Last night I just gave up and completely unraveled the shawl I’d started in Noro Transitions using a pattern from Wrapped in Comfort. I was perfectly happy with how the shawl looked, but I was getting more and more impatient with the mistakes I started making when I hit the lace pattern with a twenty-stitch repeat. With two hundred and seventy-nine stitches on the needles at that point, tinking had become an endless slog. The fact that I was tinking Noro only added to the torture. I love Noro, and have decided I particularly love Transitions, which has a consistent weight, but a variety of fibers that make for stroke-y, pat-y goodness. But the color variegations—particularly in one of the rare subtle shades of Noro, which is what I was using—make the individual stitches hard to see, which increases both the likelihood of error and the difficulty of tinking. I still count this yarn among my treasures, but this isn’t the pattern it wants to be knit up in.
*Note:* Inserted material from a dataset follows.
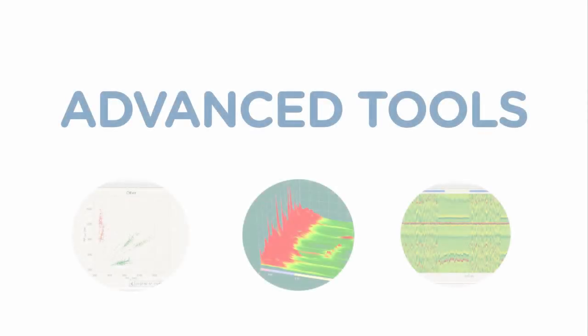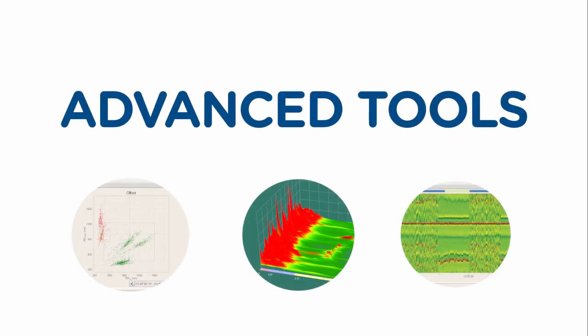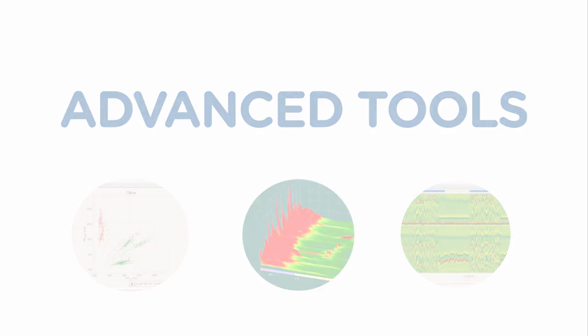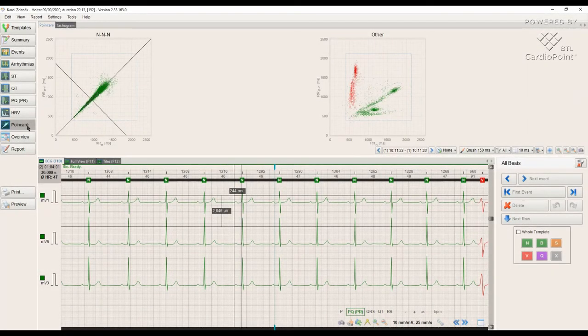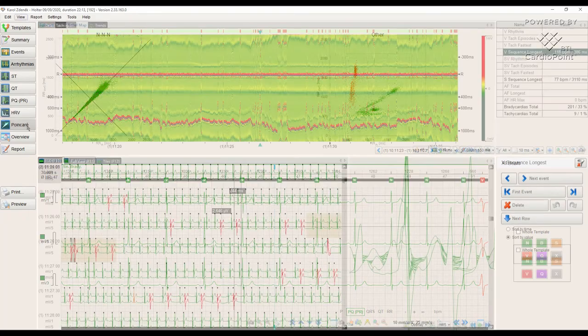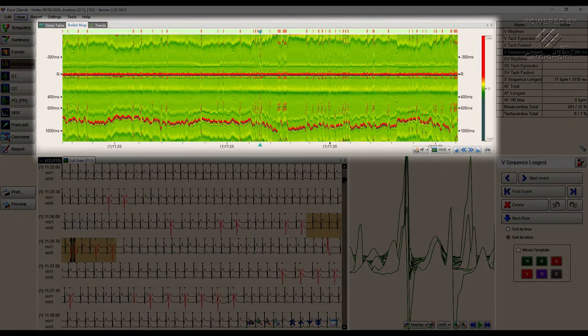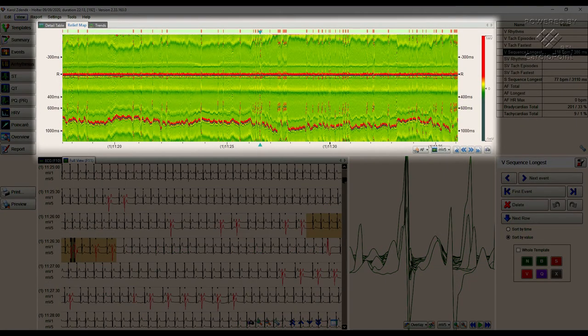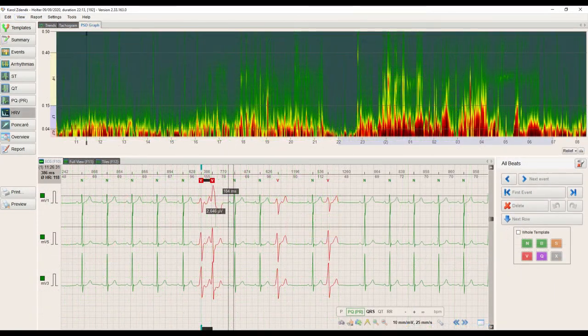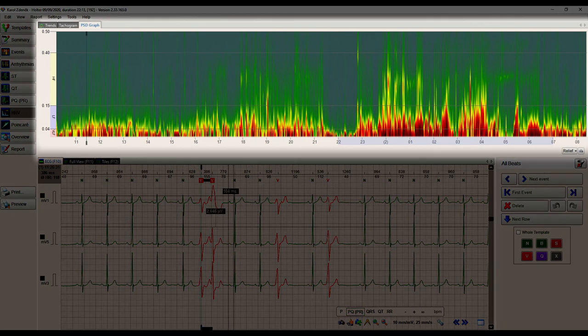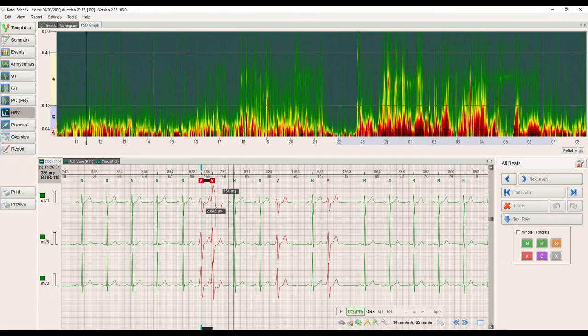Advanced tools of BTL CardioPoint Holter such as PointCare, ReliefMap and PSD Graph offer various visual analysis methods that increase diagnostic confidence and speed up the work, making Holter examinations much easier. We will take a closer look at them in the following videos.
Instead, I think I’ll start over and try using Malabrigo. How’s that for rationalizing another yarn purchase? And in the interim, I’ve started knitting up Rosebud in Ariel, a nubby cotton-rayon blend from Cherry Tree Hill, in their Fall Foliage colorway.

Technical notes:
I wanted to add two observations about the pattern in Wrapped in Comfort that may be helpful for others using the book.

First, while the written instructions for the lace stitch were correct, the chart had an error. On Wanda’s Flowers Shawl p. 32, Chart B, row 33, the first SSK should be replaced with a K. If you like working from charts, I would strongly recommend either comparing the written instructions with the chart or knitting a swatch before beginning to avoid ugly surprises when you have a gazillion stitches on the needle.

Second, most of the patterns begin with a large, loose cast-on with ten stitches or so—which, in the version I was knitting up, seemed to make a rather narrow initial neck measurement. When I case on my Malabrigo version, I’m going to start a few rows down with a cast-on of twenty or thirty stitches. I don’t know yet how this will work out, so I am not necessarily recommending it; I’m just mentioning it as a possibility.

And please don’t let either of the two above comments turn you off from this book. The patterns are lovely and very do-able (despite my Noro-related problems).